How to complete this task
An exact copy of the records is needed; please leave the images out.

##### Working data

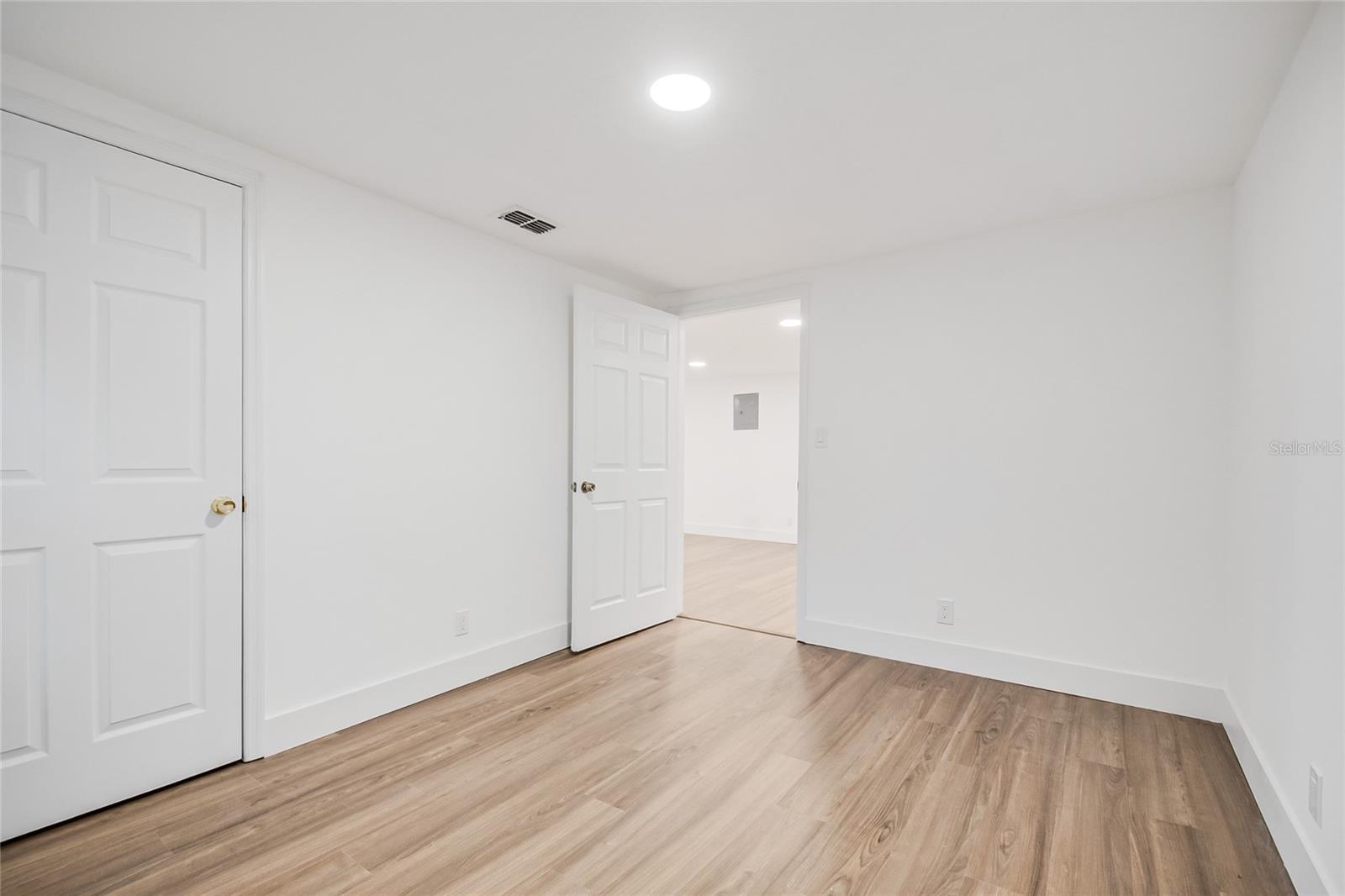 842 DENNIS AVE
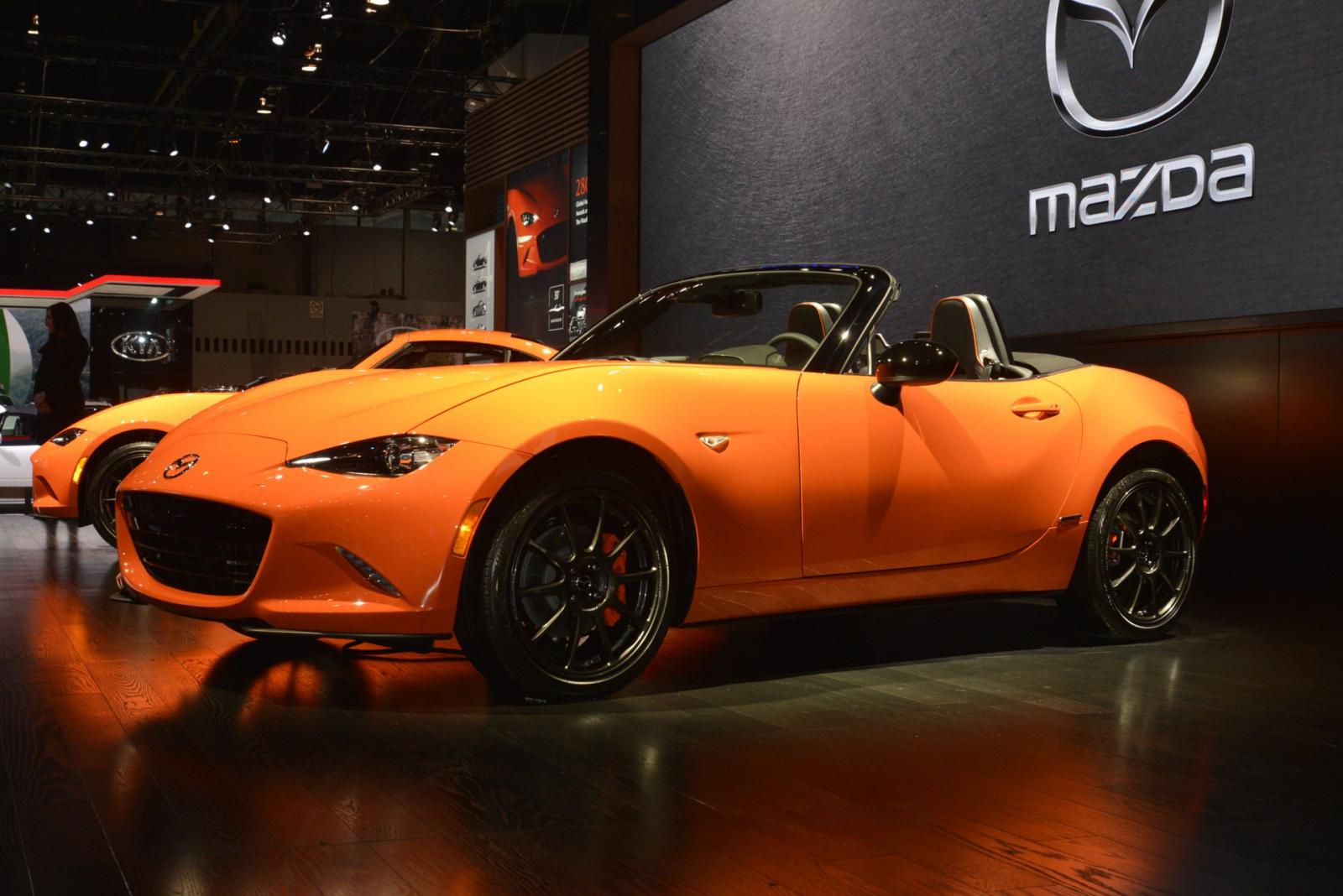 Mazda MX-5 30th Anniversary Edition ra mắt ở Triển lãm Ô tô Chicago 2019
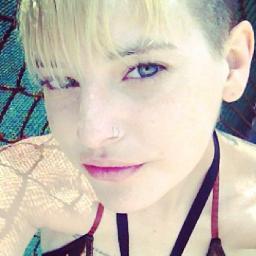 Younger sister to @xxHeartThiefxx, all around weirdo...Lead singer of #WithoutFear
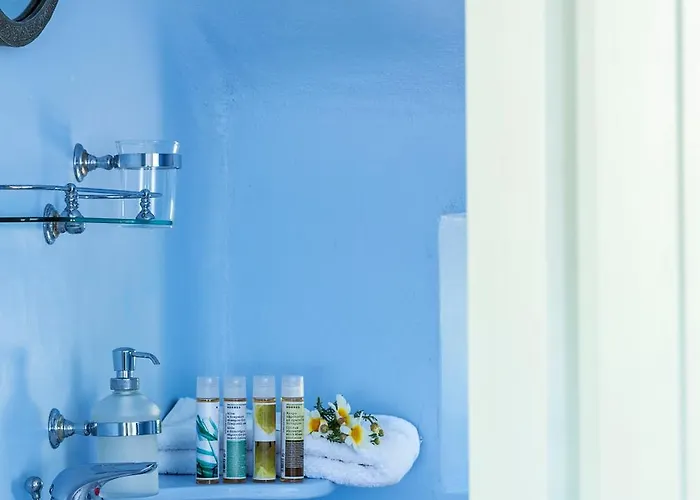 Windmill Santorini Exclusive Retreat *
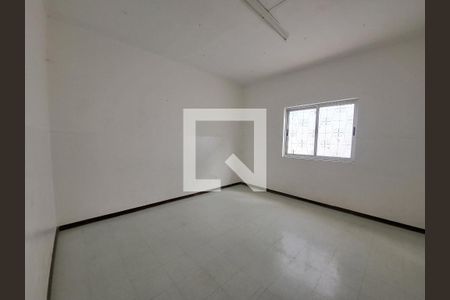 Casa à venda com 180m², 4 quartos e 5 vagas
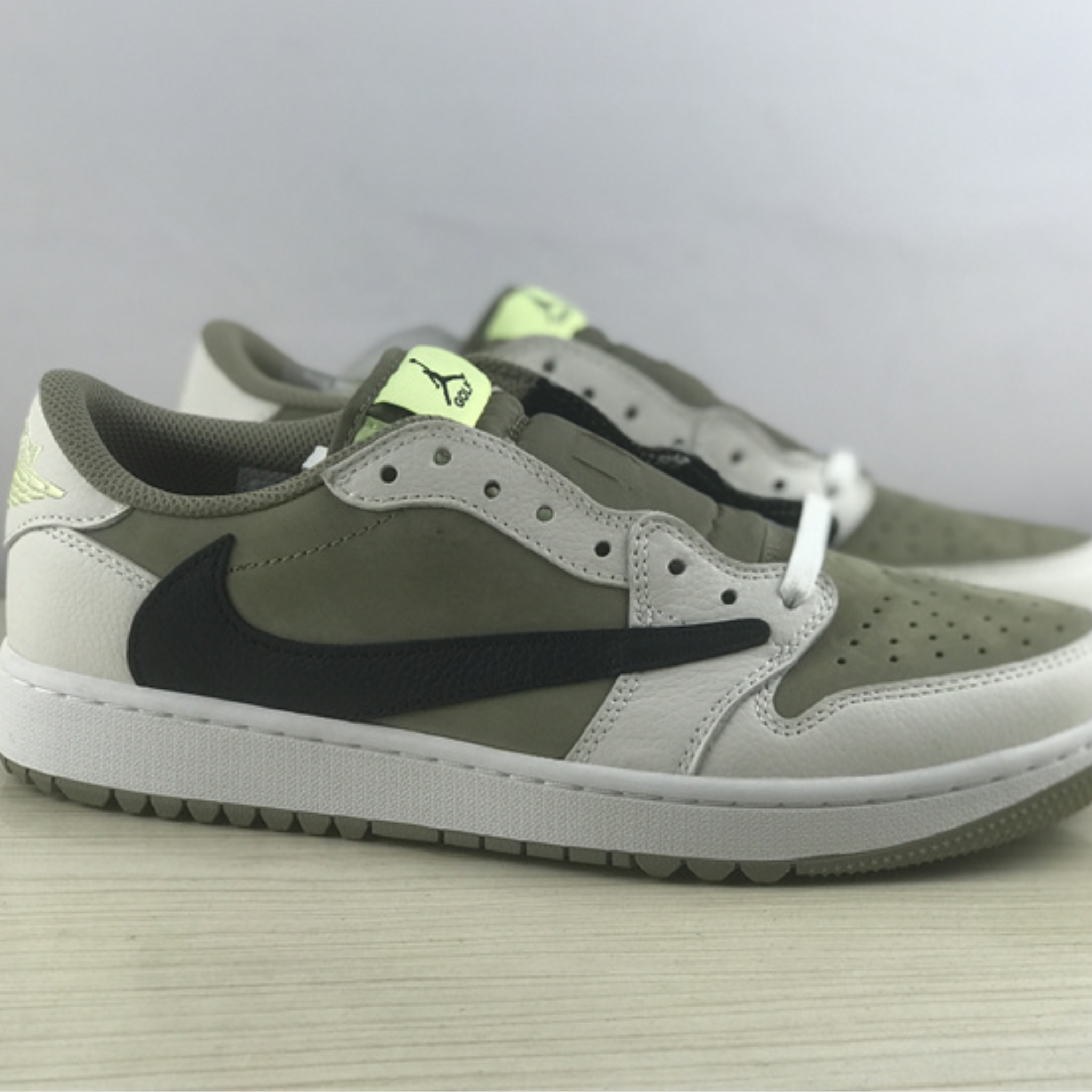 Nike Air Jordan 1 Low Golf x Travis Scott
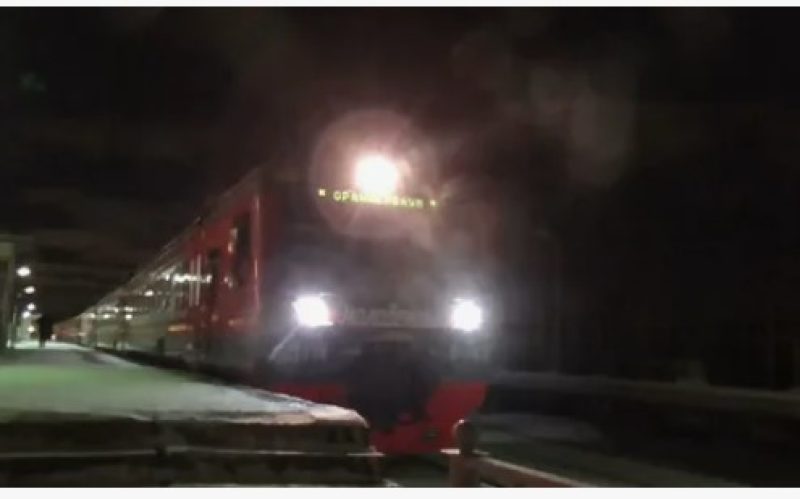 В ожидании тепловоза: поезд из Бреста встал посреди Могилевщины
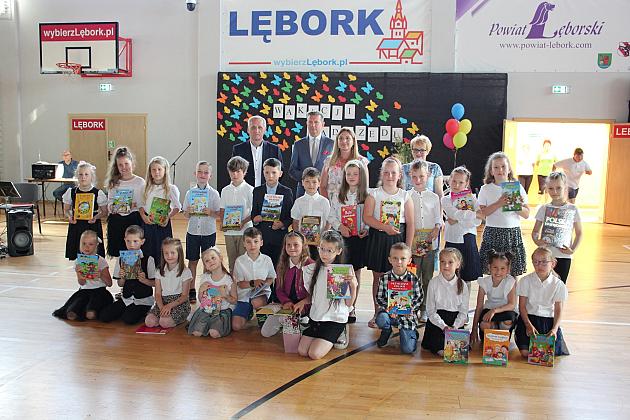 Uczniowie „Siódemki” uroczyście zakończyli rok szkolny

##########

Exercise response
 842 DENNIS AVE
 Mazda MX-5 30th Anniversary Edition ra mắt ở Triển lãm Ô tô Chicago 2019
 Younger sister to @xxHeartThiefxx, all around weirdo...Lead singer of #WithoutFear
 Windmill Santorini Exclusive Retreat *
 Casa à venda com 180m², 4 quartos e 5 vagas
 Nike Air Jordan 1 Low Golf x Travis Scott
 В ожидании тепловоза: поезд из Бреста встал посреди Могилевщины
 Uczniowie „Siódemki” uroczyście zakończyli rok szkolny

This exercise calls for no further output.